## EXERCISE
Output exactly the lines from the line that has "Tema 8: Sincronización" through the last line of the data below, with no pictures.

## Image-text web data
________
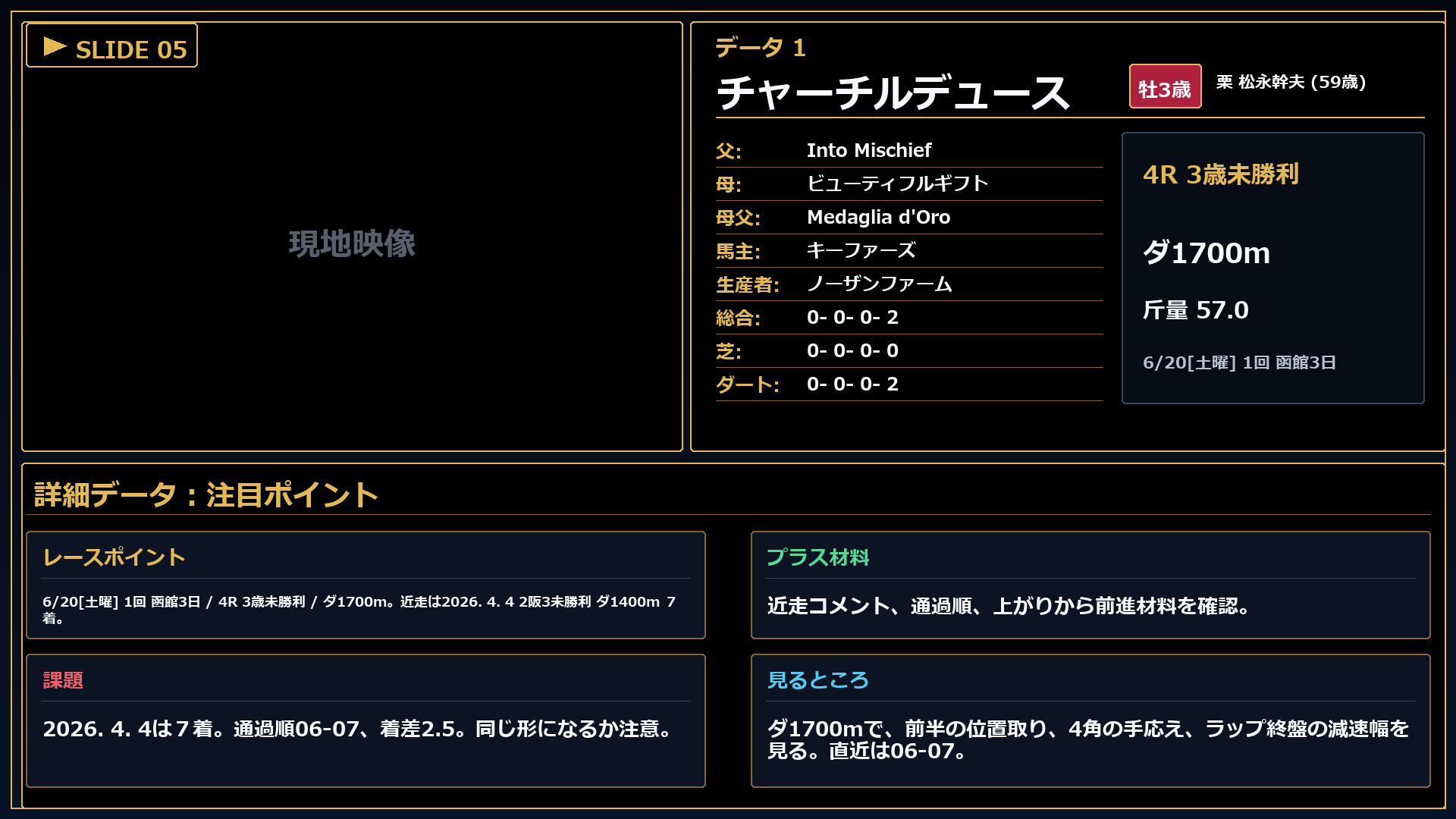 チャーチルデュース 注目ポイント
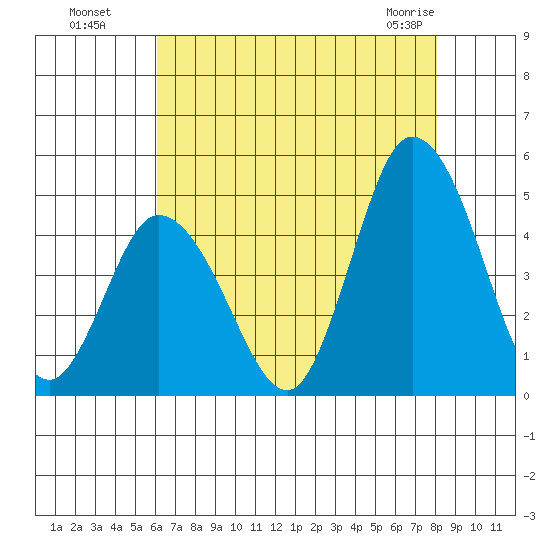 Murderkill River entrance tide chart for Monday, August 8, 2022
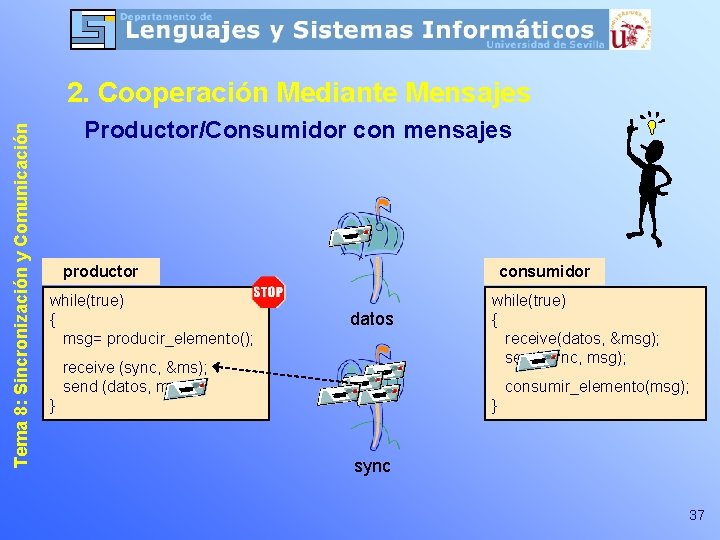 Tema 8: Sincronización y Comunicación 2. Cooperación Mediante Mensajes Productor/Consumidor con mensajes productor while(true)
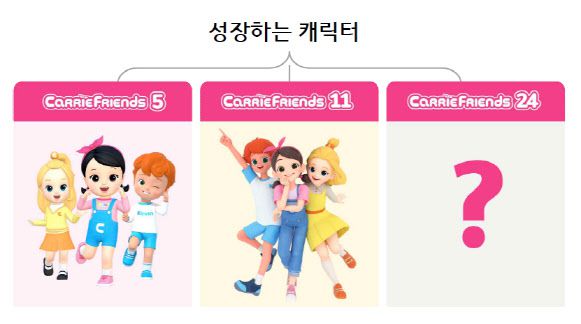 영화 애니메이션과 메타버스 등에서 성장한 모습으로 등장할 캐리와 친구들. 캐리소프트 제공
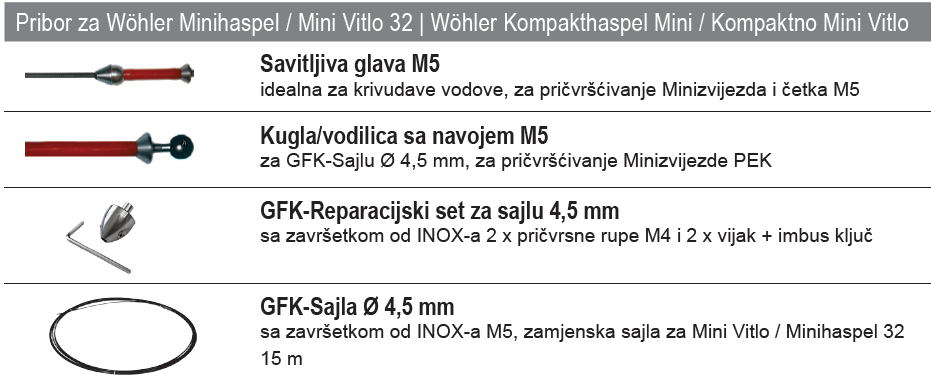 PRIBOR kompakt i 32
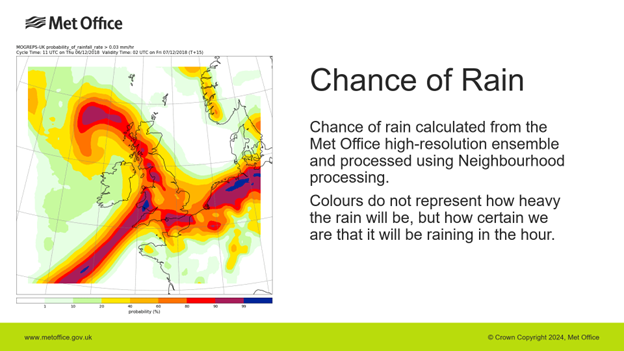 chance of rain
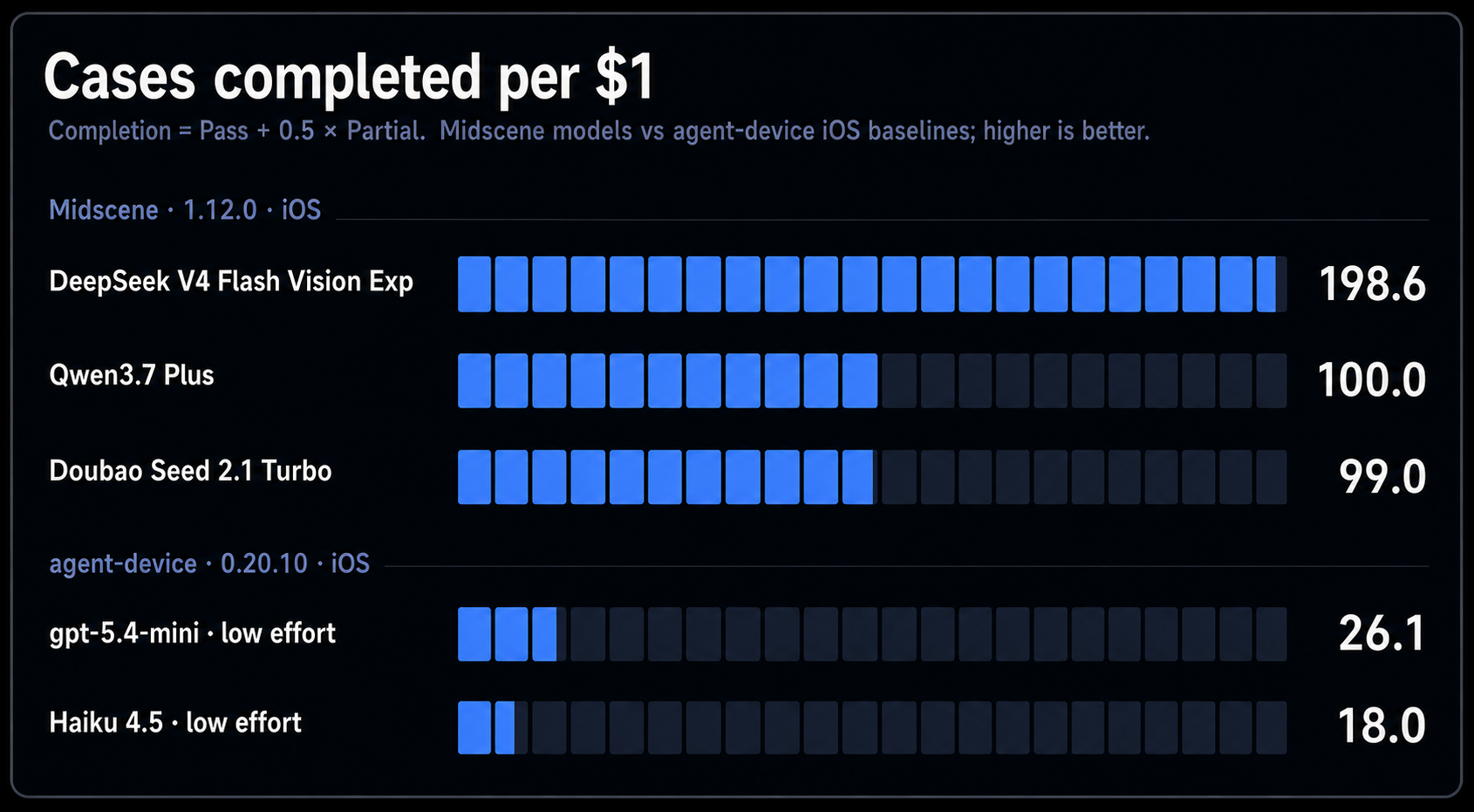 Cases completed per dollar by model and tool combination, comparing Midscene with agent-device iOS baselines; higher is better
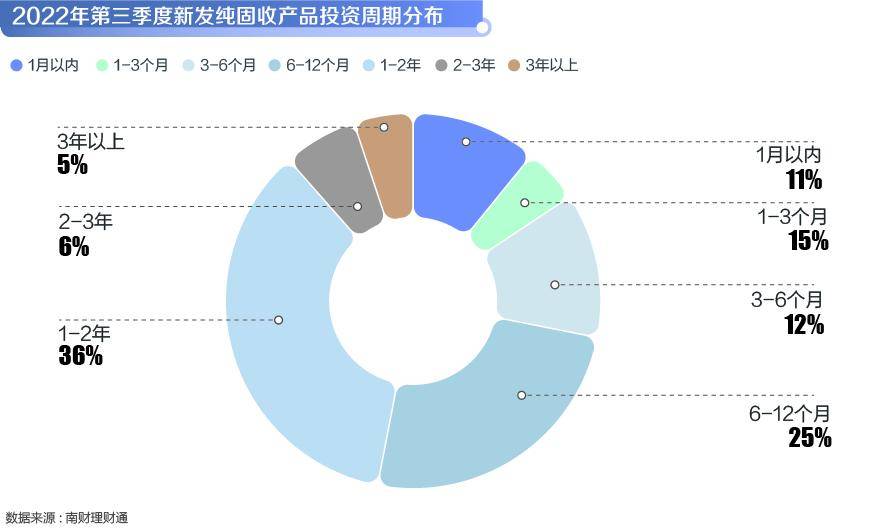 机警特刊⑭｜宁银理财、上银理财纯固收理财业绩垫底，信银理财、中银理财部分单品收益突出！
________
## ANSWER SPACE
 Tema 8: Sincronización y Comunicación 2. Cooperación Mediante Mensajes Productor/Consumidor con mensajes productor while(true)
 영화 애니메이션과 메타버스 등에서 성장한 모습으로 등장할 캐리와 친구들. 캐리소프트 제공
 PRIBOR kompakt i 32
 chance of rain
 Cases completed per dollar by model and tool combination, comparing Midscene with agent-device iOS baselines; higher is better
 机警特刊⑭｜宁银理财、上银理财纯固收理财业绩垫底，信银理财、中银理财部分单品收益突出！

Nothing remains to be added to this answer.